There are more Jehovah's Witnesses in Portugal than there are Scientologists in the whole world

by cedars 83 Replies latest jw friends

  • Jeffro
    Jeffro

    slimboyfat:

    But you did not present a consistent growth rate, you simply added 1 member to each congregation. And then made the rather obvious observation that 1 added to a smaller number represents a larger percentage increase than 1 added to a larger number. Why you were adding 1 to each group or what you think it shows was not explained. I think you are very confused about what you are doing.

    In other examples given previously, I didn't just add one. I was demonstrating a different aspect of the larger point each time. If you can't extrapolate more complicated scenarios from the simpler examples I've given, or grasp the fact that the JW reckoning is skewed in favour of inflated growth rates, I couldn't be bothered explaining it to you any further.

  • slimboyfat
    slimboyfat

    Your examples may be complicated, but they are needlessly so.
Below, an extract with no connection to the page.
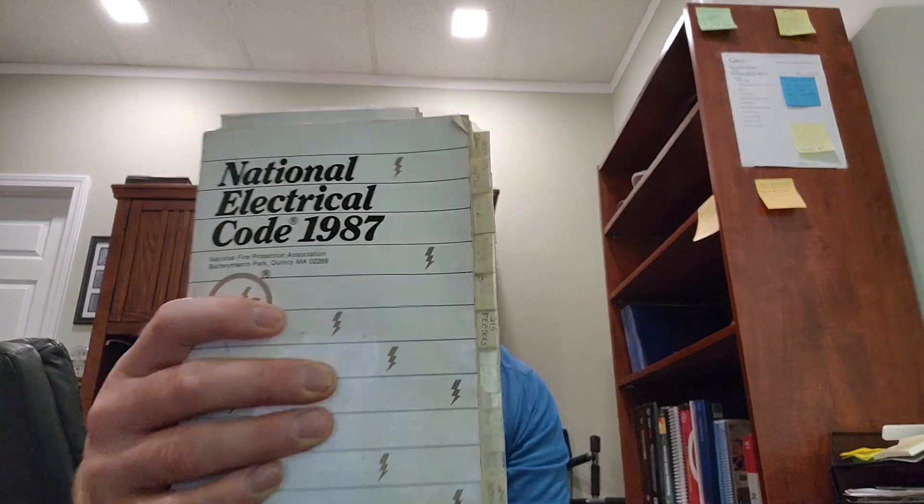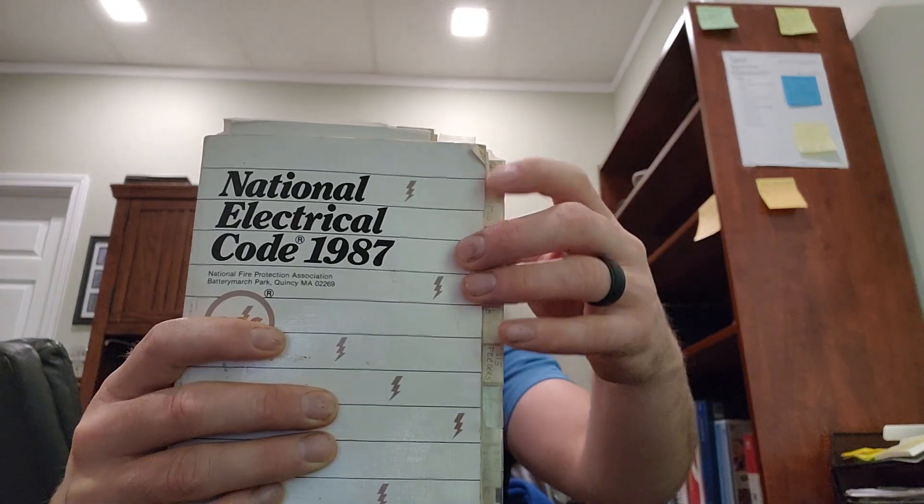Hey everyone, welcome back. I am the Electrical Code Coach. I just want to talk to you this morning about the 2023 code changes and how I'm going to be handling them here on the Electrical Code Coach channel. But before we do that, I want to give a shout out to the 1987 National Electrical Code.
    The important thing when measuring growth across time (diachronically) is that the measure be consistent. In respect of growth rates it does not matter if the measure of membership is strict or not so strict, what matters is that you keep measuring the same thing over time. Everything else you have introduced to the discussion is a red herring.
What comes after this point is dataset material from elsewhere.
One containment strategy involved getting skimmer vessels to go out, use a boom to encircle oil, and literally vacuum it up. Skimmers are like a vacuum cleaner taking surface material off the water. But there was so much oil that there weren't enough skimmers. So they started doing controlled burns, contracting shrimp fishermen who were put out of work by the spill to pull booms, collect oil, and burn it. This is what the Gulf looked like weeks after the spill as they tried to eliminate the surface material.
    JWs could cheat if they used a strict measure of membership one year, and then a less strict measure the next. That would produce an inflated one off increase. (There may have been such an effect the year the 15 minute rule for infirm ones was introduced in 2003 or whatever, for example) But you have not demonstrated that. You don't even seem to understand that is what you would need to demonstrate.

  • besty
    besty

    don't stop now guys - this is good stuff - we should be able to get to a mathematical proof on this point surely :-)
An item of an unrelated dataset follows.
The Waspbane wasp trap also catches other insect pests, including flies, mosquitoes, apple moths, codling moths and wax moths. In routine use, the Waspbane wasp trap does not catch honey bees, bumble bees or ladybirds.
    SBF - please post your excel chart.

  • slimboyfat
    slimboyfat

    What excel chart?

  • Jeffro
    Jeffro

    slimboyfat:

    You don't even seem to understand that is what you would need to demonstrate.

    You don't understand my point, therefore you imagine that's my problem.

    Your examples may be complicated, but they are needlessly so.

    That's a complete non sequitur. I didn't claim the examples I gave were 'complicated'.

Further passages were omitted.